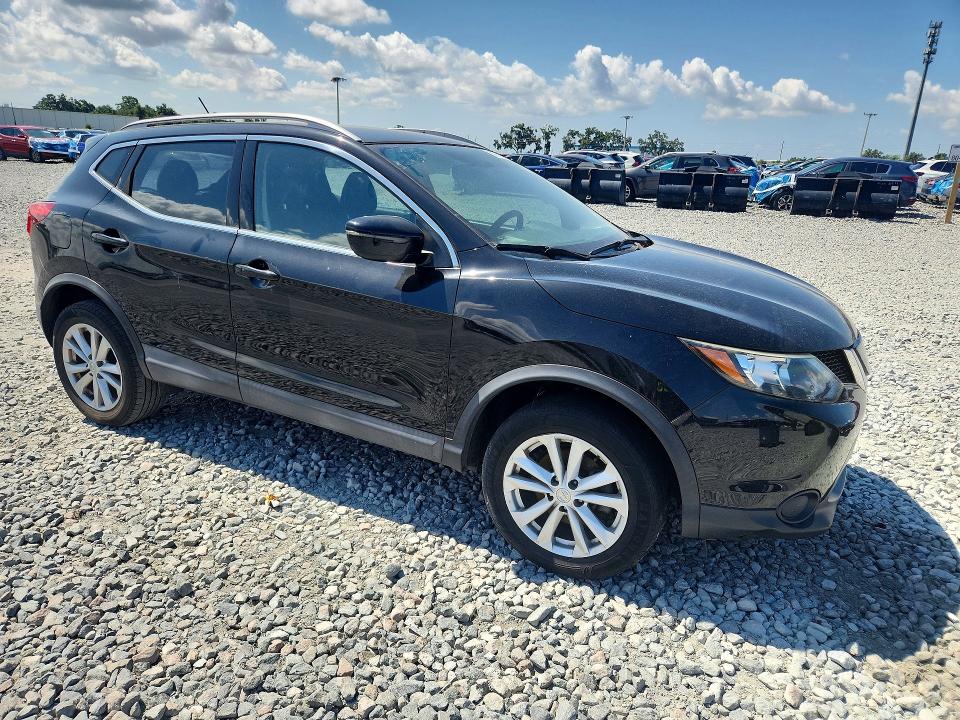 2018 Nissan Rogue VIN JN1BJ1CP1JW162922 COPART salvage auction — MINOR DENT/SCRATCHES, Fl - Certificate Of Title (P), sold $3,200 on 2026-07-21 (photo 4)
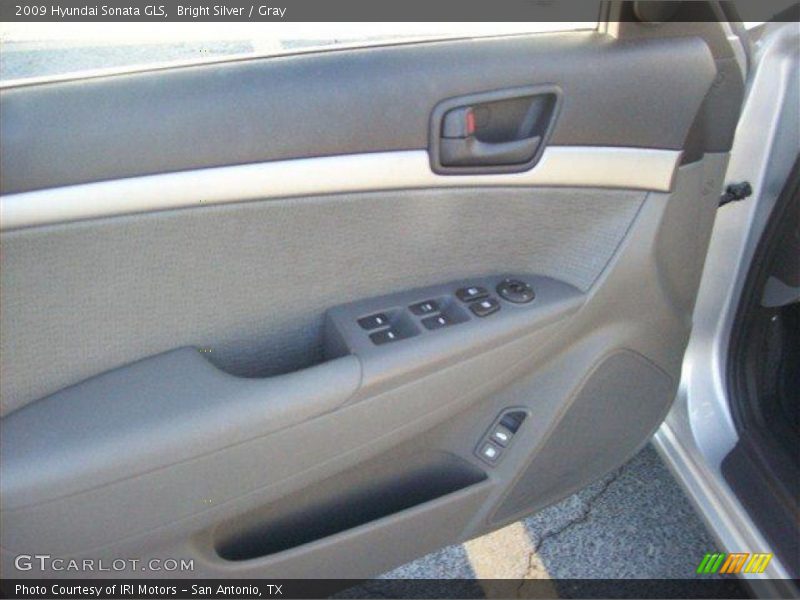 Bright Silver / Gray 2009 Hyundai Sonata GLS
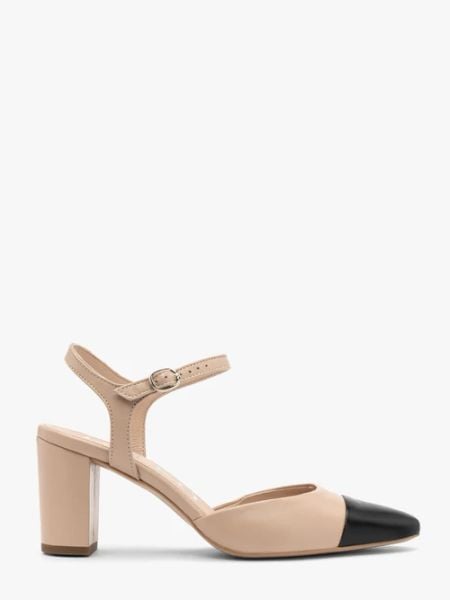 Beżowo czarne czółenka damskie z odkrytą piętą. Brązowe czółenka damskie Ryłko, bez wzorów, ze skóry, z okrągłym noskiem, bez obcasa, na obcasie, bez zapięcia. W wyprzedaży za 299.99 zł.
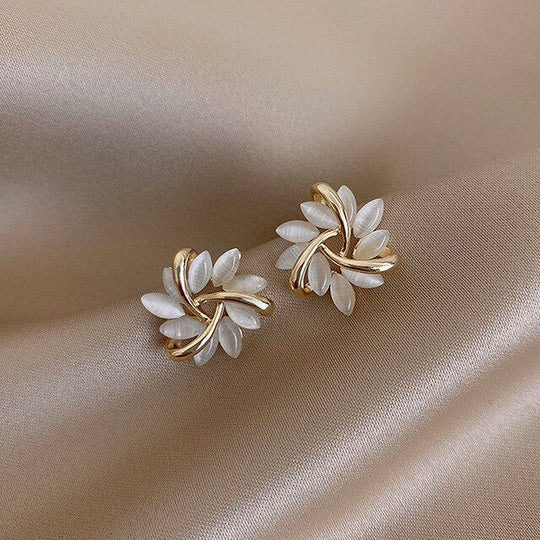 Biżuteria Sonja Luxe z białego złota z eleganłą opalem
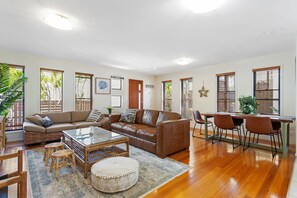 TV connectée, livres, chaîne hi-fi, écrans d'ordinateur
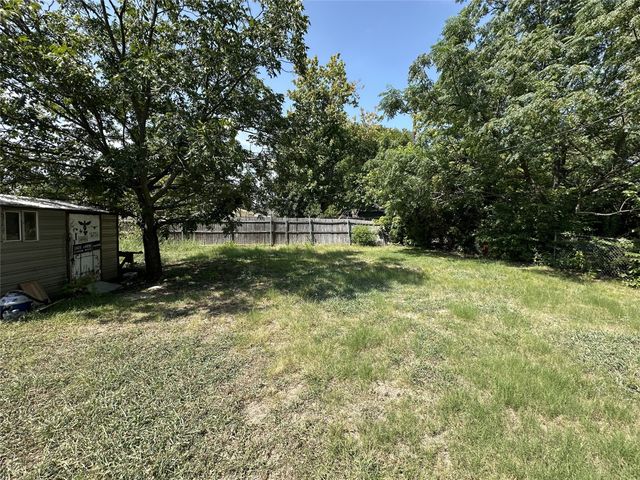 405 W Avenue E, Garland, TX 75040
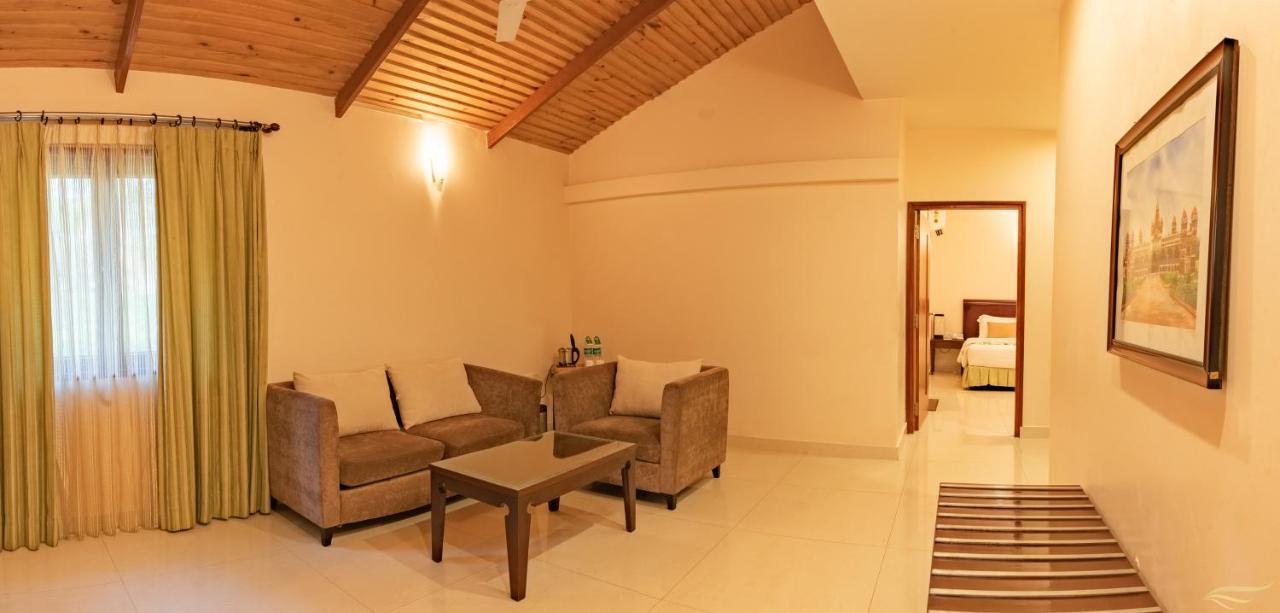 Silent Shores Resort & Spa Mysore Esterno foto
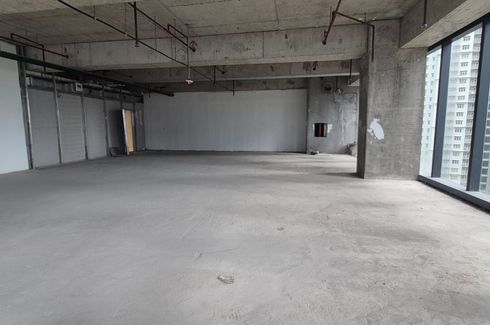 Commercial for sale in Pinyahan, Metro Manila near MRT-3 Kamuning, Quezon City, Metro Manila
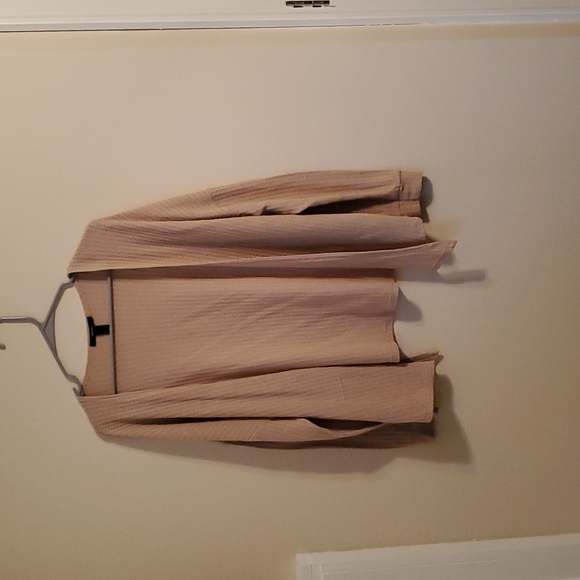 Forever 21 Sweaters - Forever 21 tanish/nude color cardigan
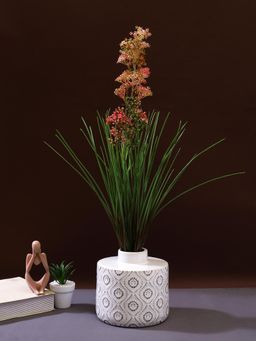 Tayhaa - White Arabic Artwork Ceramic Vase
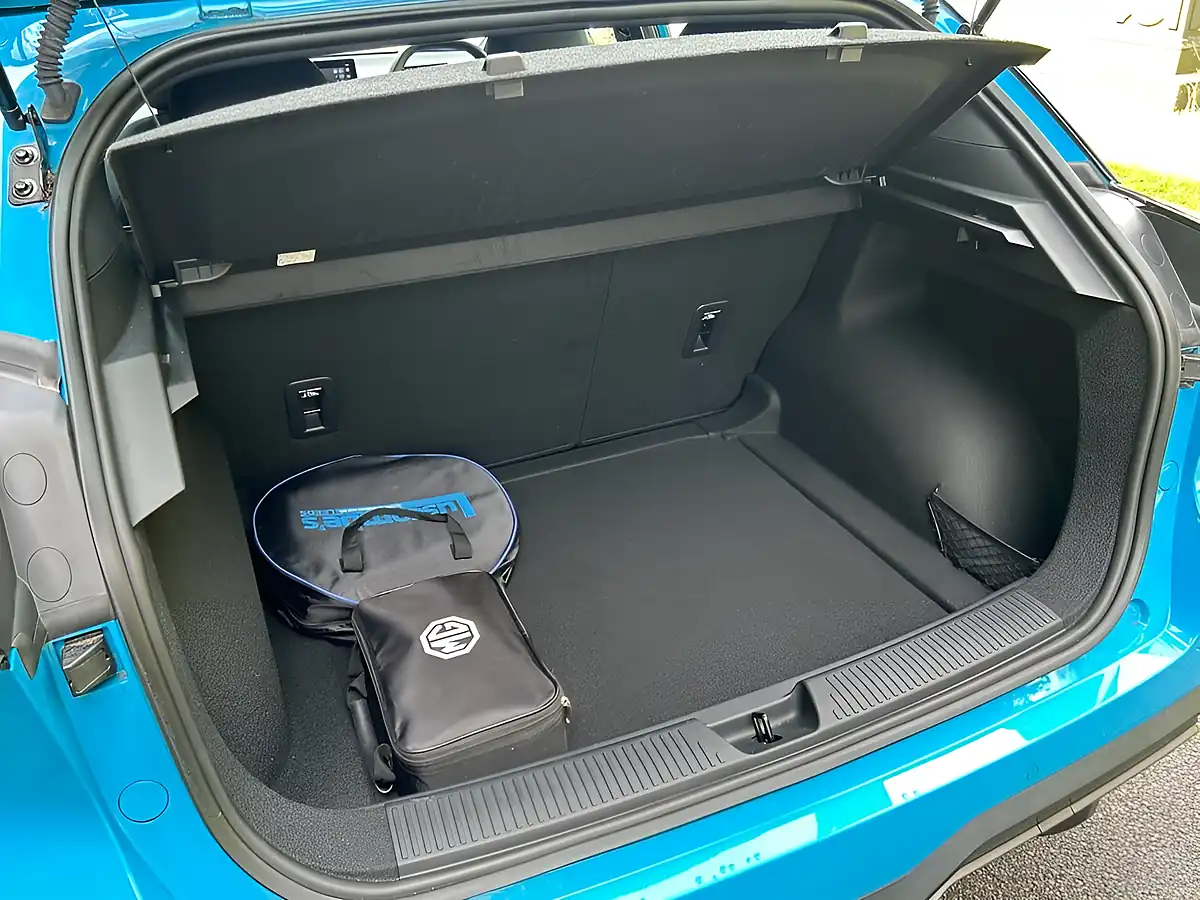 Used 2023 MG MG4 Se Blue - Interior and Exterior details 16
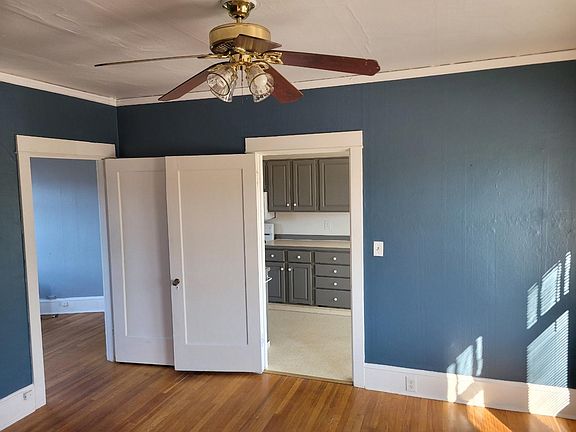 5th image of 1304 Division Ave #404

■ **Action item**: Nothing but the lines from the line containing "Bright Silver / Gray 2009 Hyundai Sonata GLS" to the end of the records above should be repeated, exactly and with every picture omitted.

■ **Exercise output**:
 Bright Silver / Gray 2009 Hyundai Sonata GLS
 Beżowo czarne czółenka damskie z odkrytą piętą. Brązowe czółenka damskie Ryłko, bez wzorów, ze skóry, z okrągłym noskiem, bez obcasa, na obcasie, bez zapięcia. W wyprzedaży za 299.99 zł.
 Biżuteria Sonja Luxe z białego złota z eleganłą opalem
 TV connectée, livres, chaîne hi-fi, écrans d'ordinateur
 405 W Avenue E, Garland, TX 75040
 Silent Shores Resort & Spa Mysore Esterno foto
 Commercial for sale in Pinyahan, Metro Manila near MRT-3 Kamuning, Quezon City, Metro Manila
 Forever 21 Sweaters - Forever 21 tanish/nude color cardigan
 Tayhaa - White Arabic Artwork Ceramic Vase
 Used 2023 MG MG4 Se Blue - Interior and Exterior details 16
 5th image of 1304 Division Ave #404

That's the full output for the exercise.